Humpback numbers building in West Cork...Update

7th Dec 2008 Large whale Report update 7 Dec 2008

Upwards of a dozen fin and at least 4 humpback whales remained in the waters off Galley head over the weekend. Let's hope that they remain in the area, although the windy forecast may limit opportunities to view them during the week. This lovely image of HBIRL9 tail-fluking was taken by IWDG member Mercin Penk on Saturday during a commercial whale watching trip with Colin Barnes.


Large whale Report update 3 Dec 2008

Another wonderful day on the water during which we recorded (visually and acoustically) everything from the tiny harbour porpoise to the massive fin whale. Between 08:30-16:30 we observed five species in the waters SSW of Galley Head, West Cork, which break down as follows Harbour porpoise (3-4), common dolphin (50-75), minke whales (4-6), humpback whales (4-5) and fin whales (c12).

During the day, photo-identification images were obtained of both fin and humpback whales. In the past few days the humpbacks have been reluctant to tail-fluke, making it difficult to match some of the less well known individuals. The North Atlantic catalogue requires the under side of the flukes as proof of ID of this species. The problem is that we have many images of a humpback's dorsal area from both left and right sides, but unless we photograpgh it tail-fluking, there is a risk of duplications on the catalogues. So as always we'll be cautious about assigning new numbers to humpbacks, unless we can match dorsal fins to tail-flukes.

For whatever reason these humpbacks appear reluctant to fluke compared to previous years, and Colin Barnes uses his understanding of fish behaviour and ecology to surmise that their prey (most probably sprats) are close to the surface, and the humpbacks therefore have no need to fluke prior to diving as they are staying close to the surface. This makes sense, as "tail- fluking" is a behaviour we typically associate with humpbacks prior to their terminal dive, which is generally a deep dive.

The fin whales show no sign of breaking up and at one point we observed a minimum of 8 fin whales close to the MV Holly Jo, so our estimates of numbers may be conservative. Two more fin whales were successfully biopsied by Dr Simon Berrow, and two local conservation rangers from NPWS were on board to observe the procedure.

So the whale watching remains superb and fingers crossed we'll have further opportunities next week to continue this fieldwork.

Pádraig Whooley

IWDG Sightings Co-ordinator



Large whale Report 2 Dec 2008

Despite poor conditions, another trip out today with Colin Barnes produced almost as many humpbacks as fin whales just SW of Galley Head. OK it wasn't pretty, but those who braved the elements were well rewarded with a remarkable encounter with two humpbacks who stayed with MV Holly Jo for at least 30 minutes.
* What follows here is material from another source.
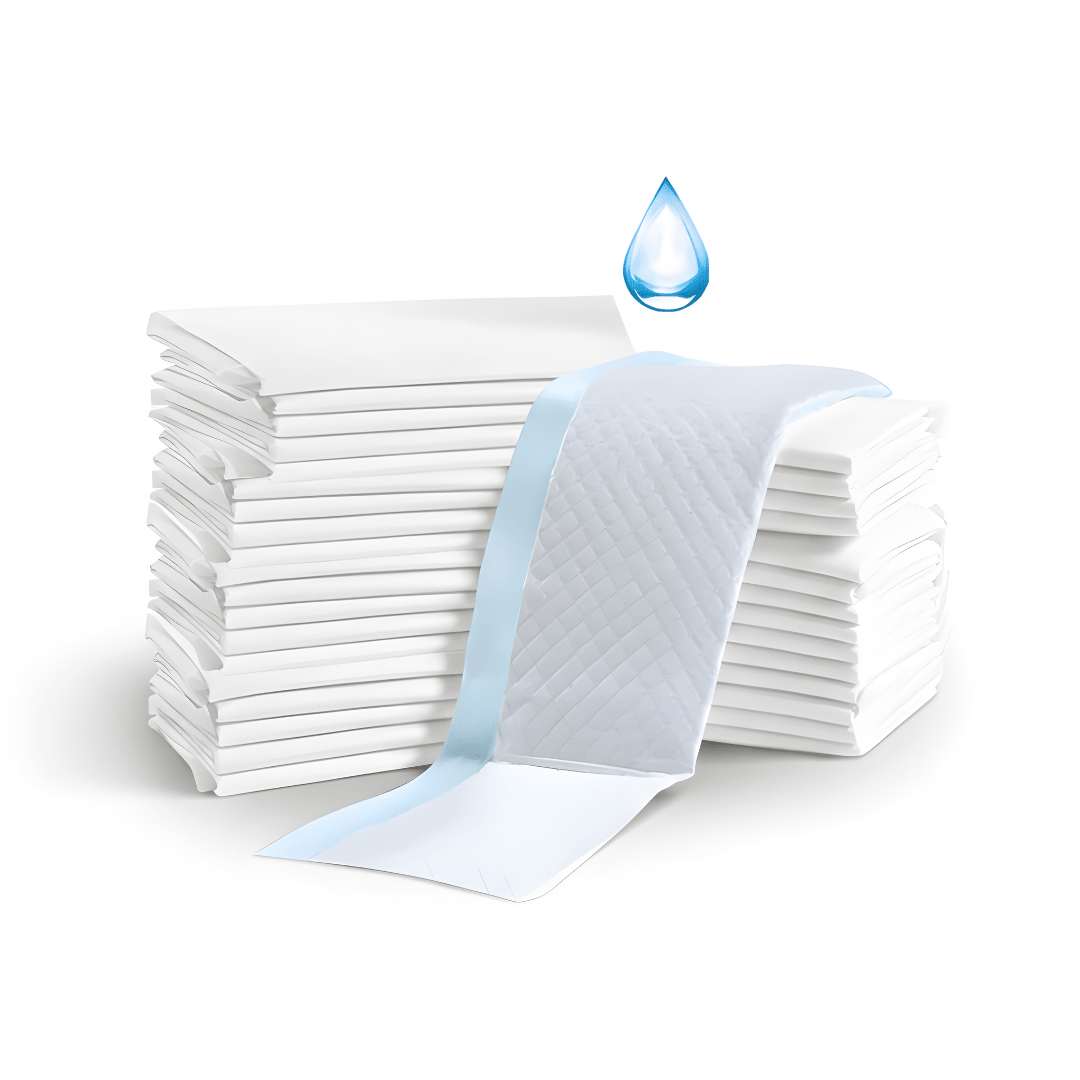 White disposable underpads 60x90cm 30-pack for baby changing and pet training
The consensus was that during the 4.5 hours on the water we observed a min. of four and probably five humpback whales. Of these we secured photo identification images of three humpbacks and can confirm that both #HBIRL8 & 9 were re-sighted and we've hit another milestone as our catalogue has just gone into double digits as we can confirm a new animal HBIRL10 which was travelling with HBIRL8. Unfortunately no fluke shots were obtained but the images of their dorsal fin profiles and flanks were sufficient for matching purposes.